## Tuesday, December 27, 2016

### Bernoulli vs Binomial vs Multinoulli vs Multinomial distributions

Bernoulli distribution
Say you are flipping a coin that has a probability of 0.4 of turning up heads and 0.6 of turning up tails. The simplest probability distribution there is is the Bernoulli distribution which just asks for the probability of the coin turning up heads after one toss, that is, 0.4. That's all. The Bernoulli distribution is only about the probability of a random event with two possible outcomes occurring after one trial. It's used for success/fail type random variables where you want to reason about the probability that a random variable will succeed (such as a coin turning up heads).

The probability mass function for the Bernoulli distribution is:
f(x;p) = p^x * (1 - p)^(1-x)

where "*" is multiplication and "^" is power, "p" is the probability of a success and "x" is the number of successes desired, which can be either 1 or 0. When "x" is 1 then you find the probability of a success whilst when it is 0 then you find the probability of a fail. Since there are only two outcomes, if "p" is the probability of a success then the probability of a non-success is "1-p". Notice that this function is quite silly really as it is just a closed form expression for choosing either "p" or "1-p" depending on what "x" is. The number you're interested in is raised to the power of 1 whilst the number you're not interested in is raised to the power of 0, turning it into 1, and then the two results are multiplied together.

Binomial distribution

The probability mass function for the Binomial distribution is:
f(x;n,p) = n!/(x! * (n-x)!) * p^x * (1 - p)^(n-x)

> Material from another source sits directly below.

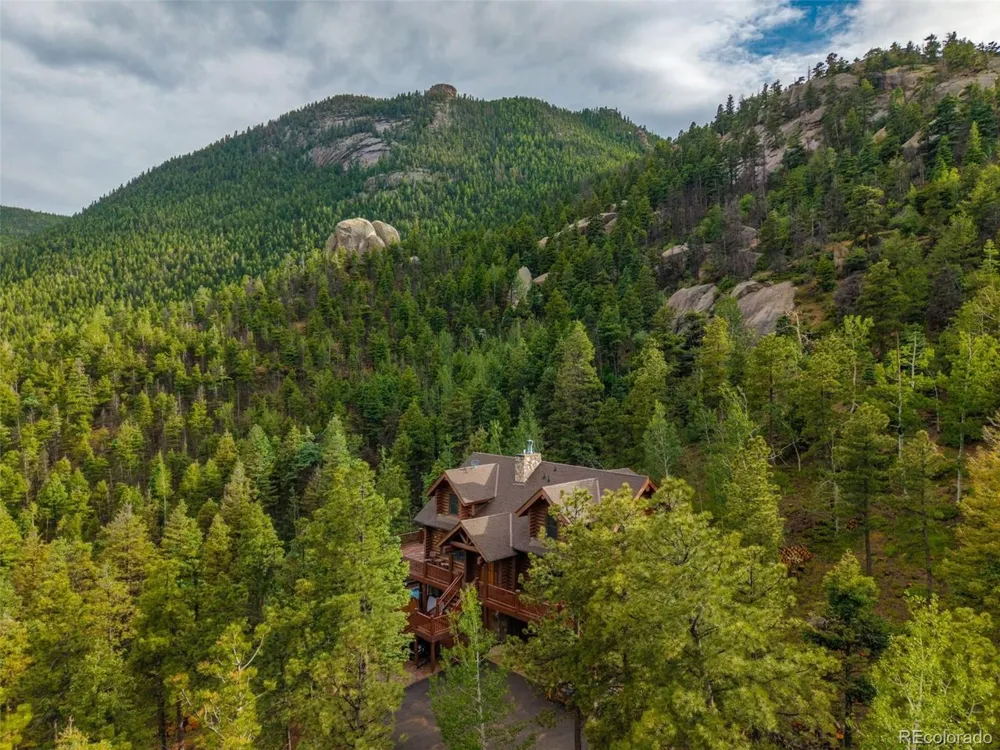 6060 Big Horn Road Manitou Springs, CO 80829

where "*" is multiplication and "^" is power, "p" is the probability of a success, "n" is the number of trials to try out, and "x" is the number of desired successes out of the "n" trials.

Multinoulli distribution
Whereas the binomial distribution generalises the Bernoulli distribution across the number of trials, the multinoulli distribution generalises it across the number of outcomes, that is, rolling a dice instead of tossing a coin. The multinoulli distribution is also called the categorical distribution.

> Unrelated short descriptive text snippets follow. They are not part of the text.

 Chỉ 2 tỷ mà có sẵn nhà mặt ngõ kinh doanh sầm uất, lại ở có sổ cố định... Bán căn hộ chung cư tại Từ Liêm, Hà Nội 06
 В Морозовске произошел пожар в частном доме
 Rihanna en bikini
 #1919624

The probability mass function for the multinoulli distribution is:
f(xs;ps) = ps_1^xs_1 * ps_2^xs_2 * ... * ps_k^xs_k

where "*" is multiplication and "^" is power, "k" is the number of outcomes (6 in the case of a dice, 2 for a coin), "ps" is the list of "k" probabilities where "ps_i" is the probability of the ith outcome resulting in a success, "xs" is a list of numbers of successes where "xs_i" is the number of successes desired for the ith outcome, which can be either 1 or 0 and where there can only be exactly a single "1" in "xs".

Multinomial distribution
Finally the most general generalisation of the Bernoulli distribution is across both the number of trials and the number of outcomes, called the multinomial distribution. In order to be more general, this distribution also allows specifying the number of successes desired for each individual outcome, rather than just of one outcome like the multinoulli distribution. This lets us calculate the probability of rolling a dice 6 times and getting 3 "2"s, 2 "3"s and a "5". Since we want it to be compatible with the binomial distribution, these outcomes can arrival in any order, that is, it doesn't matter whether you get [5,3,2,3,2,2] or [2,2,2,3,3,5]. For this reason we need to use the combination function again.

The probability mass function for the multinomial distribution is:
f(xs;n,ps) = n!/(xs_1! * xs_2! * ... * xs_k!) * ps_1^xs_1 * ps_2^xs_2 * ... * ps_k^xs_k

where "*" is multiplication and "^" is power, "k" is the number of outcomes (6 in the case of a dice, 2 for a coin), "ps" is the list of "k" probabilities where "ps_i" is the probability of the ith outcome resulting in a success, "xs" is a list of numbers of successes where "xs_i" is the number of successes desired for the ith outcome, the total of which must be "n".